Keywords

1 Introduction

Big data analytics is an important aspect of business in decision and strategy making. Big data as the word indicates its huge volume of data such as business records, collected real-time sensor data which are used in Internet of things. Data can be of structured (e.g., SQL database) and unstructured data (e.g., files). In order to process big data, Hadoop framework can be used. Hadoop is an open-source project where it provides framework for big data analysis. It works on MapReduce and Hadoop Distributed File System (HDFS) techniques. HDFS is designed to store very large amount of data. To provide Hadoop service and store large amount of data, cloud is needed. Cloud consists of pool of resources, and these resources are accessed via Internet, for example, OpenStack and Amazon Web Service [1]. OpenStack is an open-source cloud platform, which is used to store big data in order to provide Hadoop service to the users.

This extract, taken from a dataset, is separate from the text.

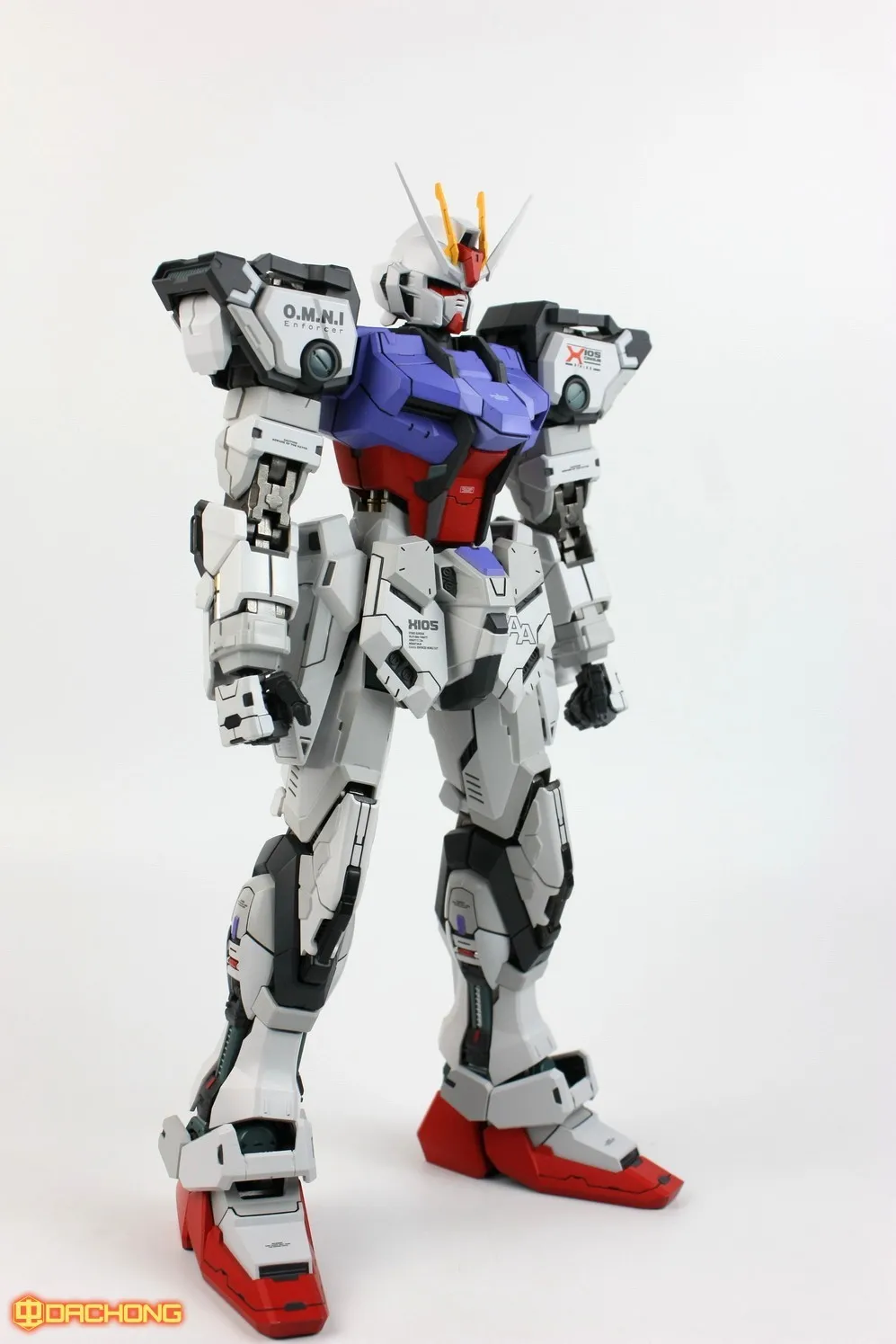 Модели вентиляторов Moshow strike gundam seed 1/72 GAT-X105 металлическая конструкция плюс 26 см высота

Figure 1 represents the block diagram of Hadoop as a service in OpenStack. Hadoop Web site provides different Hadoop cluster size to the user. Once the user requests for Hadoop cluster through Hadoop Web site, Hadoop Web site internally calls the script to launch virtual machines and installs Hadoop cluster on launched virtual machines through scripts. Once the installation of Hadoop cluster on virtual machines is done, OpenStack private cloud in response to user’s request provides Master IP and Private Key. By using Master IP and Private Key, user can access the Hadoop cluster.

Fig. 1
figure 1

Block diagram of Hadoop as a service in OpenStack

2 Literature Survey

Big data demands new techniques and paradigms for processing data. Hadoop is one of the frameworks which can be used for processing of big data, which is fast, scalable, and reliable. Working of Hadoop and necessity of Hadoop service motivate to carry out the literature survey.

Authors in [2] present an overview of service-generated big data and big data as a service. In later part of paper, authors explain about requirements to provide big data as a service such as cloud and big data technologies by considering different types of service generated, and data has been discussed.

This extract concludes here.